Exercise requirements:
Your task is to repeat the entries exactly from their first line through the line with "Siam Casa Thai Cuisine", and to stop there.

Information shown:
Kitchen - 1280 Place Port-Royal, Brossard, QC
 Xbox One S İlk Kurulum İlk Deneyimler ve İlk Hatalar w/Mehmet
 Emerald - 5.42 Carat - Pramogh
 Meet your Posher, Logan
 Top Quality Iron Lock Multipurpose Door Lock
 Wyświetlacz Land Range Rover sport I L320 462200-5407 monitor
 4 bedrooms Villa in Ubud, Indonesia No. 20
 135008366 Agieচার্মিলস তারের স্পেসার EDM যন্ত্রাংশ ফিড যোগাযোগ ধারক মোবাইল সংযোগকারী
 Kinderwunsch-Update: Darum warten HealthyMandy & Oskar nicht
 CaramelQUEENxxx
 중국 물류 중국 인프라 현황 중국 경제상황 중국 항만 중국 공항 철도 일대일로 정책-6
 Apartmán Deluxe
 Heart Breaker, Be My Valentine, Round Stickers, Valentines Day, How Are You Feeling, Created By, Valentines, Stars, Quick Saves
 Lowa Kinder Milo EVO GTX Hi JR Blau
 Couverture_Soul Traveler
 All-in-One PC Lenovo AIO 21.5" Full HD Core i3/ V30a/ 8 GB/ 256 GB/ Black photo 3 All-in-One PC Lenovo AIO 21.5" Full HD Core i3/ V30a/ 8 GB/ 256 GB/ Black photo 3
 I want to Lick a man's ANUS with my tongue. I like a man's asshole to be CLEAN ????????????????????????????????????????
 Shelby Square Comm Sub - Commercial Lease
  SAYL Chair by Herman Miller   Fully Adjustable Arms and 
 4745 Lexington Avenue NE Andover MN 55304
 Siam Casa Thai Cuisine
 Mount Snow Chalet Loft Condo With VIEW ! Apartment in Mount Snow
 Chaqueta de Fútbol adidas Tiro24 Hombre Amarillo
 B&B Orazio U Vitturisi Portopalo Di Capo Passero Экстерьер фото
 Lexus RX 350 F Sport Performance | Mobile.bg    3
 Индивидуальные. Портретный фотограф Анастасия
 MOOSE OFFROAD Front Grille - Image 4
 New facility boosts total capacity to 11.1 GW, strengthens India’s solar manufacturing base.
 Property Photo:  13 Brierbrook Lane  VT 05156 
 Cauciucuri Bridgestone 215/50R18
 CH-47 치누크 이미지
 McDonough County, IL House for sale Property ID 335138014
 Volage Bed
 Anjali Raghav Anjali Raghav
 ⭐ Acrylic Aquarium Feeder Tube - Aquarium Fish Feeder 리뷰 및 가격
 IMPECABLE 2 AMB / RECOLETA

Finished exercise:
Kitchen - 1280 Place Port-Royal, Brossard, QC
 Xbox One S İlk Kurulum İlk Deneyimler ve İlk Hatalar w/Mehmet
 Emerald - 5.42 Carat - Pramogh
 Meet your Posher, Logan
 Top Quality Iron Lock Multipurpose Door Lock
 Wyświetlacz Land Range Rover sport I L320 462200-5407 monitor
 4 bedrooms Villa in Ubud, Indonesia No. 20
 135008366 Agieচার্মিলস তারের স্পেসার EDM যন্ত্রাংশ ফিড যোগাযোগ ধারক মোবাইল সংযোগকারী
 Kinderwunsch-Update: Darum warten HealthyMandy & Oskar nicht
 CaramelQUEENxxx
 중국 물류 중국 인프라 현황 중국 경제상황 중국 항만 중국 공항 철도 일대일로 정책-6
 Apartmán Deluxe
 Heart Breaker, Be My Valentine, Round Stickers, Valentines Day, How Are You Feeling, Created By, Valentines, Stars, Quick Saves
 Lowa Kinder Milo EVO GTX Hi JR Blau
 Couverture_Soul Traveler
 All-in-One PC Lenovo AIO 21.5" Full HD Core i3/ V30a/ 8 GB/ 256 GB/ Black photo 3 All-in-One PC Lenovo AIO 21.5" Full HD Core i3/ V30a/ 8 GB/ 256 GB/ Black photo 3
 I want to Lick a man's ANUS with my tongue. I like a man's asshole to be CLEAN ????????????????????????????????????????
 Shelby Square Comm Sub - Commercial Lease
  SAYL Chair by Herman Miller   Fully Adjustable Arms and 
 4745 Lexington Avenue NE Andover MN 55304
 Siam Casa Thai Cuisine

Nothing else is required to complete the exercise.